Super szybka nauka Metodą Emila Krebsa

Temat przeniesiony do archwium.
31-60 z 128
Bejotka nie dorabiaj na siłę ideologi. Każdy kurs można komuś polecić, tani, drogi czy nawet kiepski, itd. Moja ocena była jak najbardziej trafna w odniesieniu kurs vs marketing ze strony, co nawet sam poniekąd potwierdziłeś.
Cytat:
>>>>>Najefektywniejsza jest nauka do 20 roku życia.
Prosze podac mi dokladne wiatygodne badania naukowe na ta twoja opinie.

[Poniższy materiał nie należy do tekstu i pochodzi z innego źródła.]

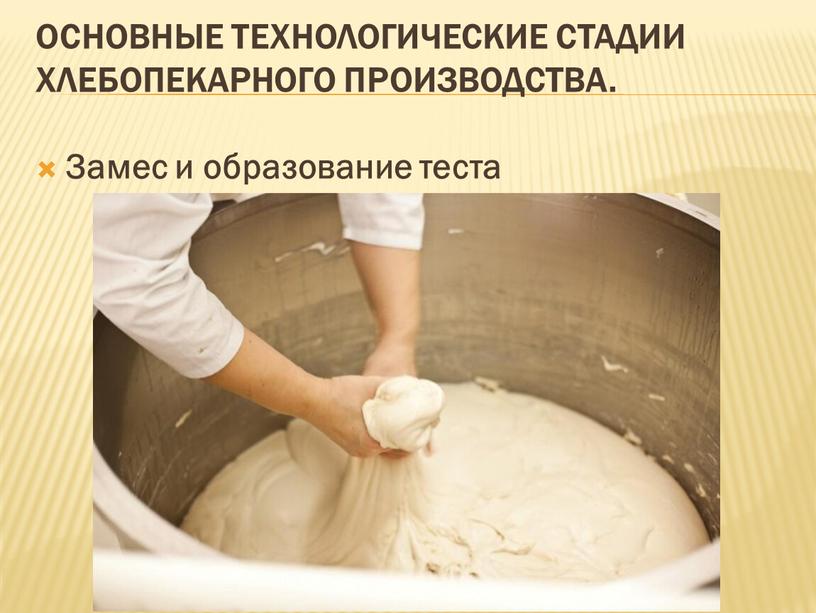 Основные технологические стадии хлебопекарного производства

jak będziesz miał 40 lat to zrozumiesz o czym mowa bez badań naukowych
Skorp75: Nie dorabiam ideologii. Nie uznaję jednak pustej krytyki. Świat nie jest ani kolorowy, ani czarno-biały, ma dużo odcieni szarości.
Napisałem, że cena omawianego kursu (nawet po przecenie) jest za wysoka. Byłaby prawidłowa, gdyby kurs miał nie 40, a 140 lekcji, jak np. Assimil. Ale nawet wtedy krytykowałbym nazwę kursy "Metoda Krebsa".
Teraz nie dorabiasz, ale wcześniej na siłę usiłowałeś wyciągnąć pozytywy z czegoś co nie jest przedmiotem zakupu. To tak jak byś kupił samochód, gdzie sprzedawca cię zapewnia o super przyspieszeniu i mówi że polecisz ponad dwie paczki, a okazuje się że nie ma ani przyspieszenia ani nie wyciągnie dwóch paczek i zamiast zwrócić samochód usprawiedliwiasz zakup na siłę tym , że samochód jest ok bo mało pali i ładnie wygląda. Ten kurs nawet za 5 zł nie jest wart ceny, a choćby tylko z tego powodu, że nie jest zgodny z opisem reklamowym. Jak będę reklamować jako amerykański itd. jak to opisałeś to cena może być jak najbardziej, bo i będzie zgodność. Pusta krytyka? tu nie było nigdzie pustej krytyki, bo zawsze była uzasadniona niezgodnością produktu z reklamą i zapewnieniami sprzedawcy. Innymi słowy strona szukająca jeleni :)
Cytat: Skorp75
Cytat:
>>>>>Najefektywniejsza jest nauka do 20 roku życia.
Prosze podac mi dokladne wiatygodne badania naukowe na ta twoja opinie.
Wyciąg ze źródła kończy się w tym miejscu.